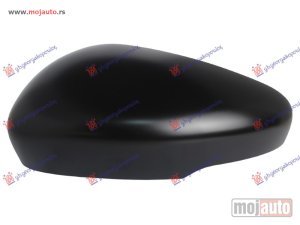 NOVI: delovi  Poklopac retrovizora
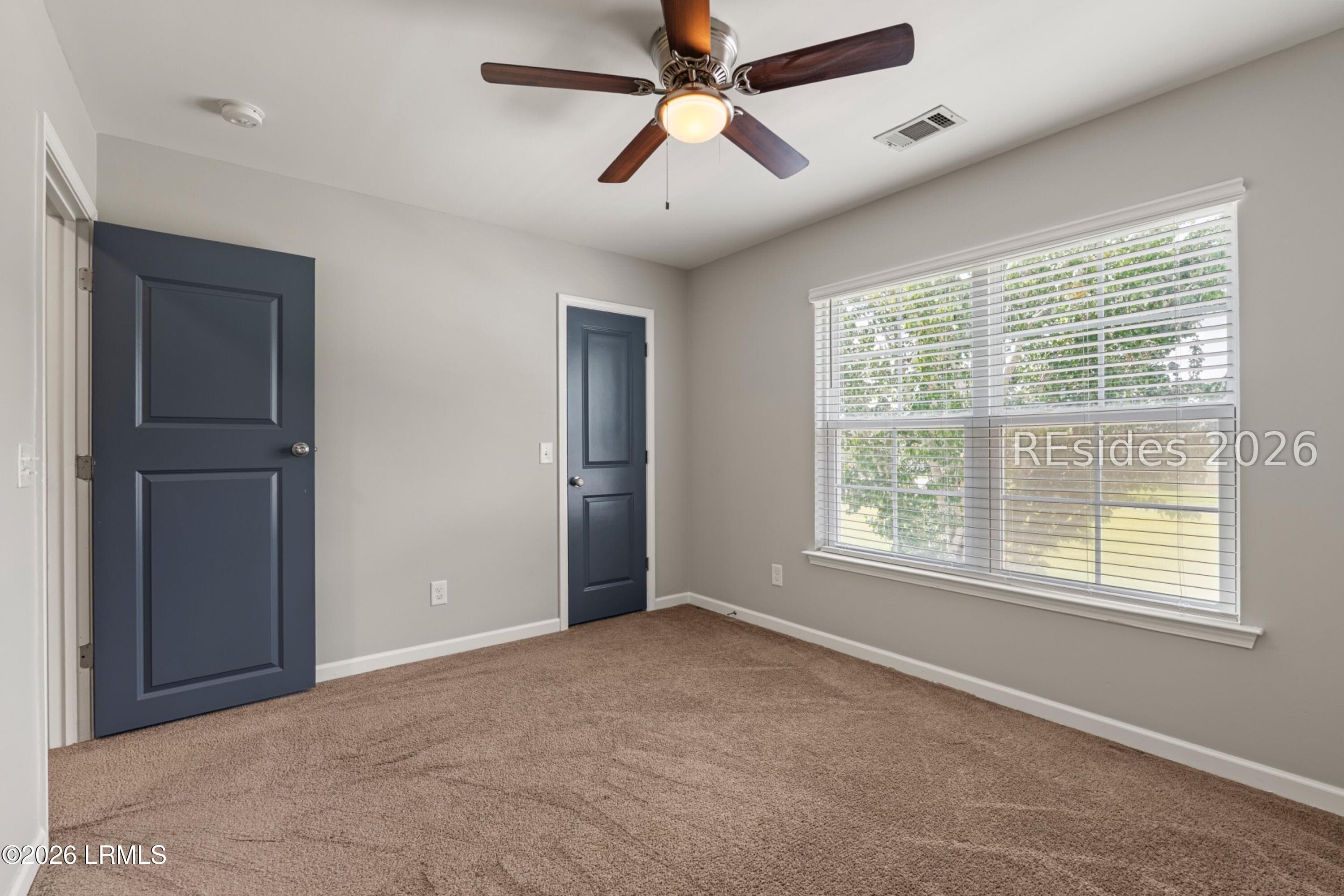 13 - 28 E Park Loop, Bluffton, SC 29909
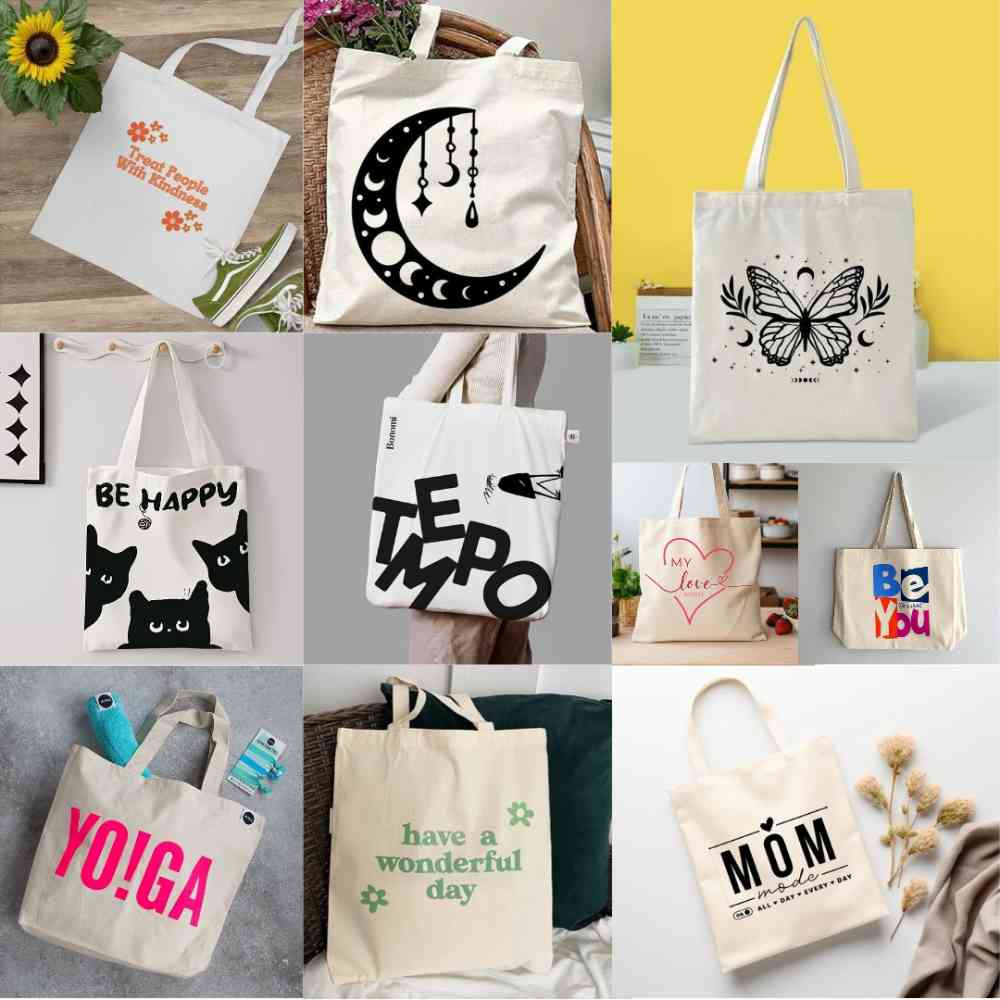 Bags wholesale and retail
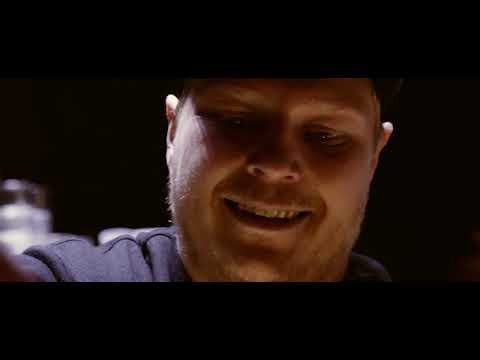 Extreme park Malalata Bacardi 2020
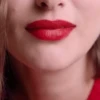 ️Natalie Portman.MOV 27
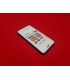 گارد فانتزی طرح دار برجسته Samsung Galaxy J7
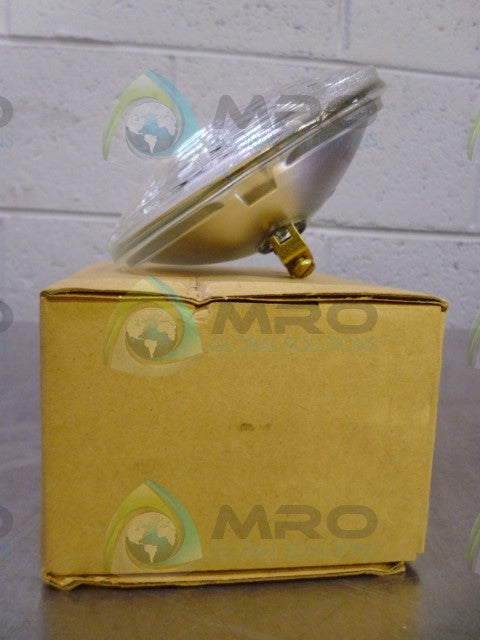 GENERAL ELECTRIC H7551 STREAMLIGHT *NEW IN BOX*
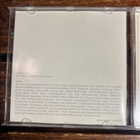 Teemu Raita: Kuuleeko Maa cd/sacd - pikkukuva 4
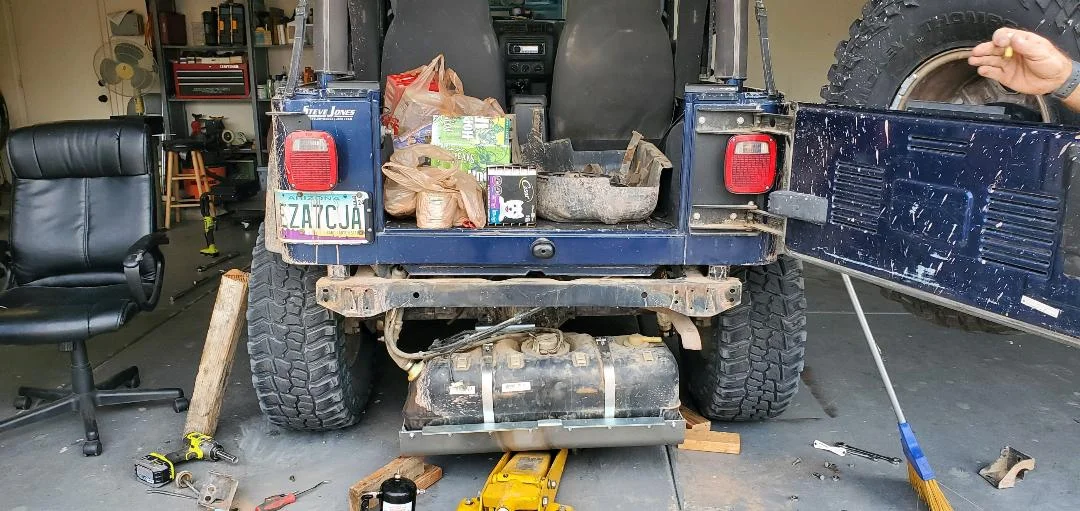 tankskid006.webp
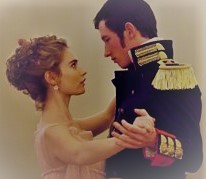 Anatole II: And Lead Us Not Into Temptation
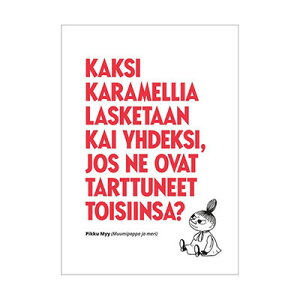 MOOMIN [~ ^[vX|XgJ[h Putinki veBL tBh k g~C XitL[~pp gD[eBbL   bZ[WJ[h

### Your task
Each line from the one containing "گارد فانتزی طرح دار برجسته Samsung Galaxy J7" through the last line of the listing must be copied exactly, and the pictures must not be.

### Solution to this task
 گارد فانتزی طرح دار برجسته Samsung Galaxy J7
 GENERAL ELECTRIC H7551 STREAMLIGHT *NEW IN BOX*
 Teemu Raita: Kuuleeko Maa cd/sacd - pikkukuva 4
 tankskid006.webp
 Anatole II: And Lead Us Not Into Temptation
 MOOMIN [~ ^[vX|XgJ[h Putinki veBL tBh k g~C XitL[~pp gD[eBbL   bZ[WJ[h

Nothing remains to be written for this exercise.